Pour le département d'État, l'accord de la Barbade « reste le mécanisme le plus viable » pour résoudre la crise au Venezuela. « Mais il faudra pour cela que Maduro et ses représentants respectent la feuille de route et veillent à ce que l'opposition ait le droit de choisir librement ses candidats ».

Pas « d'élections sans moi »

Malgré la décision de la Cour suprême, la candidate de l'opposition ne compte pas baisser les armes. Le président « Nicolas Maduro ne va pas choisir le candidat du peuple, parce que le peuple a déjà choisi son candidat, point final », a affirmé Maria Corina Machado ce lundi. De nombreux observateurs estiment qu'elle peut rallier derrière elle toute l'opposition, traditionnellement très divisée.

« Nous allons gagner (...) J'ai reçu le mandat de près de 3 millions de Vénézuéliens qui ont exercé leur souveraineté populaire le 22 octobre. Je représente cette souveraineté populaire. Vous ne pouvez pas organiser des élections sans moi et sans les millions de Vénézuéliens qui ont voté », a-t-elle ajouté, soulevant les applaudissements de ses partisans.

Samedi dernier, la délégation de l'opposition aux négociations a exigé que la décision soit annulée et a alerté la Norvège, la France, la Colombie et le Brésil, pays impliqués dans les négociations. Dans un communiqué lundi matin, l'Union européenne s'est dite « très préoccupée » par la décision de la Cour suprême.

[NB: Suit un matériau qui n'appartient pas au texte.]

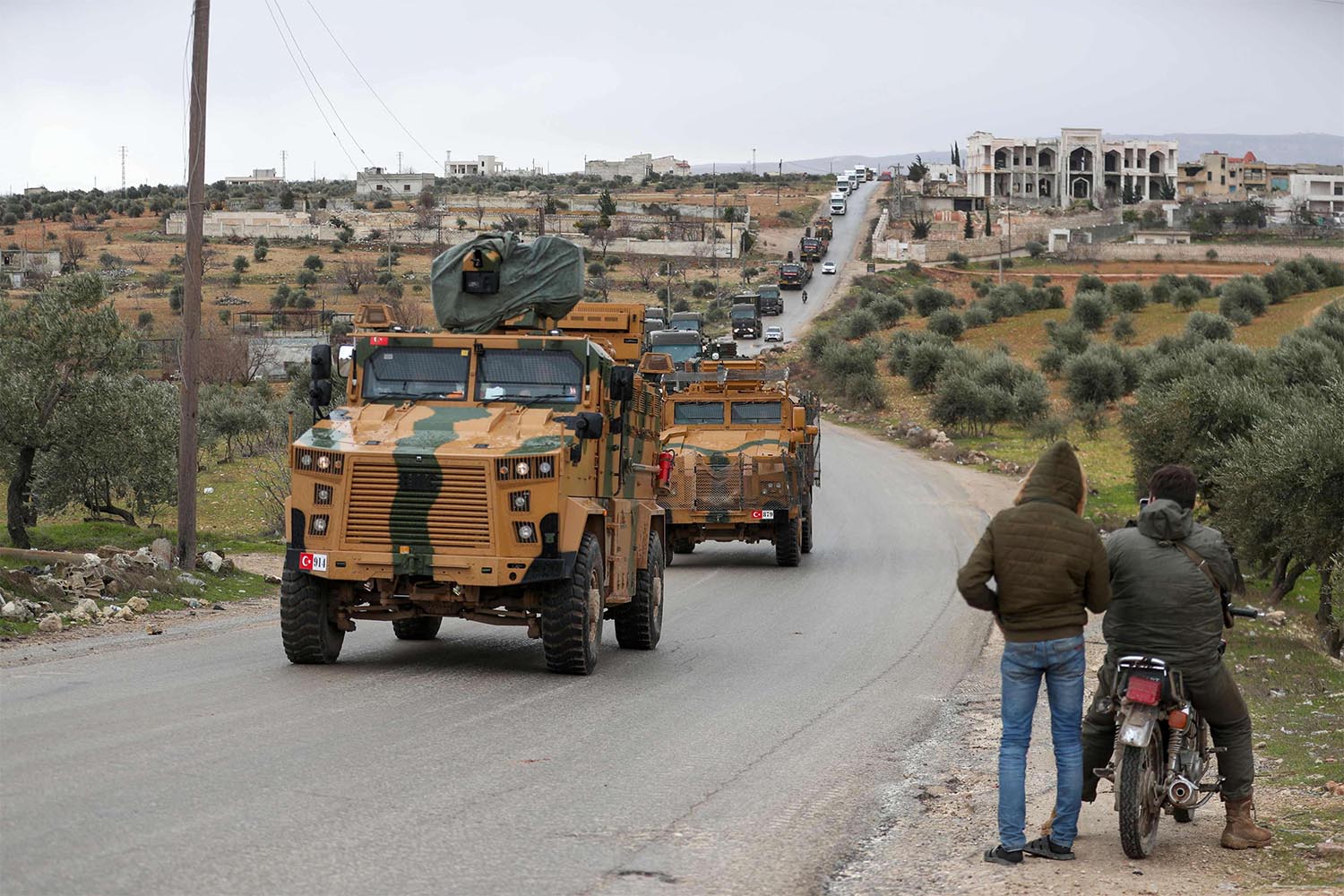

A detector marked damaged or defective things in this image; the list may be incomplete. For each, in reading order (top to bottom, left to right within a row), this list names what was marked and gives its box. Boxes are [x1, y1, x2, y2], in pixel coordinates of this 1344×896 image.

damaged multi-story building [968, 127, 1177, 208]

L'avocat constitutionnaliste Juan Manuel Rafalli estime que Maria Corina Machado pourrait « intenter une action contre la décision ou exiger la nullité de l'acte administratif ». « Mais il s'agit d'un problème politique, pas d'un problème juridique », a-t-il indiqué à l'AFP. « S'il n'y a pas un pouvoir judiciaire indépendant et autonome (...) vous n'obtiendrez jamais une réponse favorable ».

De son côté, le pouvoir estime que la justice a tranché. « Il y avait un mécanisme volontaire : ceux qui voulaient faire appel faisaient appel et s'engageaient aussi à respecter le résultat. C'est du passé », a balayé ce lundi Jorge Rodríguez, président du Parlement et chef de la délégation du pouvoir aux négociations. « Il n'y a plus rien à dire », a-t-il insisté, ajoutant que l'opposition faisait preuve d'une « profonde arrogance ».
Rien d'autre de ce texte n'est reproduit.